2.	We don’t want to train and test on the same data. Split the spam and the ham datasets in a training set and a test set. (`hamtrain`, `spamtrain`, `hamtest`, and `spamtest`) **0.5p**


In [3]:
import os
from sklearn.model_selection import train_test_split

def load_files(dir):
    files = []
    with os.scandir(dir) as it:
        for entry in it:
            with open(entry, 'r',  encoding='iso-8859-1') as f:
                data = f.read()
                files.append(data)
    return files

easy_ham = load_files('easy_ham')
hard_ham = load_files('hard_ham')
spam = load_files('spam')


ham_label = ['ham']*(len(easy_ham + hard_ham))
spam_label = ['spam']*len(spam)

ham_train, ham_test, ham_label_train, ham_label_test = train_test_split(easy_ham + hard_ham, ham_label, test_size=0.3, random_state=42)
spam_train, spam_test, spam_label_train, spam_label_test = train_test_split(spam, spam_label, test_size=0.3, random_state=42)

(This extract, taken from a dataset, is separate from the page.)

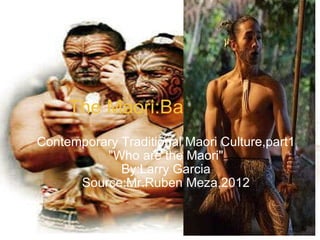 The Maori:Backround Contemporary Traditional Maori Culture,part1 &quot;Who are the Maori&quot; By:Larry Garcia Source:Mr.Ruben Meza,2012 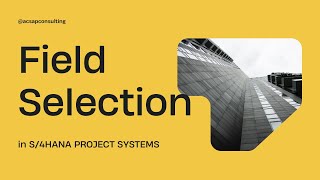 Field Selection in Project Systems - Part 2  |  AC SAP Consulting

hard_ham_label = ['hardham']*(len(hard_ham))
easy_ham_label = ['easyham']*len(easy_ham)

hard_ham_train, hard_ham_test, hard_ham_label_train, hard_ham_label_test = train_test_split(hard_ham, hard_ham_label, test_size=0.3, random_state=42)
easy_ham_train, easy_ham_test, easy_ham_label_train, easy_ham_label_test = train_test_split(easy_ham, easy_ham_label, test_size=0.3, random_state=42)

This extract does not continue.